I'll never forget the hub world, either. It was this twisted carnival ground where you could see all the different themed areas branching off like spokes on a wheel. But unlike Mario 64's castle, which felt welcoming and exploratory, Glover's hub had this slightly unsettling Tim Burton-esque quality. The music didn't help – it was all minor keys and circus organs that sounded like they'd been recorded in a funhouse at 3 AM.

The graphics were proper N64, which is to say they looked incredible at the time and charmingly janky now. Glover himself was surprisingly expressive for a disembodied hand – he'd scratch his head when you left him idle, tap his fingers impatiently if you took too long to make a move, even give you a thumbs up when you completed a particularly challenging section. The ball had this lovely shiny texture that actually reflected the environment around it, which was dead impressive on hardware that usually struggled with anything more complex than flat surfaces.

What really gets me about Glover, though, is how it represented this brief window when developers were still figuring out what 3D gaming could be.
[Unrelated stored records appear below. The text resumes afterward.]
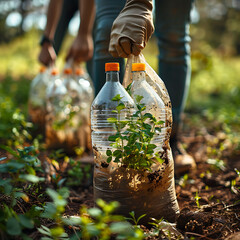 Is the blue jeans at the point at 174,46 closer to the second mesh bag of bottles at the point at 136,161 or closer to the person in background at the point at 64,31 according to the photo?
the person in background at the point at 64,31

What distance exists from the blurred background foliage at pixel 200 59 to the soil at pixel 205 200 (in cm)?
56

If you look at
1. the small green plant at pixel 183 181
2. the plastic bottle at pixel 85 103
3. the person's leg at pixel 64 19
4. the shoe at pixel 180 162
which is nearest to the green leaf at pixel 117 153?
the small green plant at pixel 183 181

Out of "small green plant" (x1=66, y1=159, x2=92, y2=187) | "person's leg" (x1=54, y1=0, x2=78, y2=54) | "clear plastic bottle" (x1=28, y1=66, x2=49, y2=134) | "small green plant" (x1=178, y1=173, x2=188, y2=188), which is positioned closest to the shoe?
"small green plant" (x1=178, y1=173, x2=188, y2=188)

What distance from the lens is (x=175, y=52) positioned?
214cm

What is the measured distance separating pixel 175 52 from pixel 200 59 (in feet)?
11.7

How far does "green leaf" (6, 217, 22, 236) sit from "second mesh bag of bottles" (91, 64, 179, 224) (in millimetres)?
419

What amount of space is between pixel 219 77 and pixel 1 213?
382 inches

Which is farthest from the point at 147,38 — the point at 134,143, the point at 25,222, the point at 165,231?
the point at 25,222

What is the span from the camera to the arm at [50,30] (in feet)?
9.61

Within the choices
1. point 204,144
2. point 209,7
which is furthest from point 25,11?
point 204,144

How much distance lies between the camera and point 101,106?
1.32 m

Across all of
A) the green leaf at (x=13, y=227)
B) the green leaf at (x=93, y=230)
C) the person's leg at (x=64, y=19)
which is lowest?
the green leaf at (x=13, y=227)

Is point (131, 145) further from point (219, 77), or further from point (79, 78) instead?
point (219, 77)

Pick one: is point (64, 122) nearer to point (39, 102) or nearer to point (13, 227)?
point (39, 102) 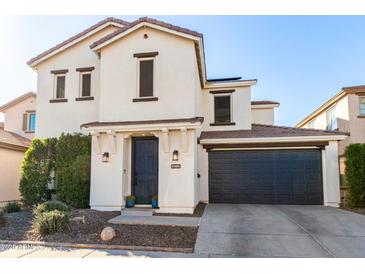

This wasn't a 2D game awkwardly translated into three dimensions – it was built from the ground up around mechanics that simply wouldn't work in 2D. The camera system, which let you rotate around both Glover and the ball independently, was essential to solving puzzles. You'd often find yourself spinning the view around looking for the right angle to line up a throw, or checking below platforms to see where your ball might land.

im1979_glover_nintendo_64_16_bit_inspired_16_bit_atmosphere16_3e52391d-592e-40c3-96de-87d61554ffbb_1

The soundtrack deserves a mention too. It was properly mental – imagine carnival music filtered through a fever dream, with enough variety to match each world's specific brand of weirdness. The pirate levels had this jaunty sea shanty thing going on, but with discordant notes that kept you slightly on edge. Perfect for a game where one wrong move meant watching your ball disappear into the ocean.

Playing it now, via emulation on my Steam Deck, I'm struck by how fresh it still feels. Sure, the graphics have aged, but that core gameplay loop – the careful physics manipulation, the ball management, the pure weirdness of it all – remains completely unique. I've shown it to my kid and watched them go through the same "what the hell is this?" to "okay, this is actually brilliant" journey I experienced back in '98.

Glover never got the recognition it deserved, probably because it was too weird for mainstream audiences and too mainstream for the truly underground crowd. But for those of us who experienced it properly, it remains this perfect little time capsule of gaming ambition unburdened by focus groups or market research. Just pure, unfiltered creativity wrapped around some genuinely innovative physics gameplay.

Mental? Absolutely. Magic? Without a doubt.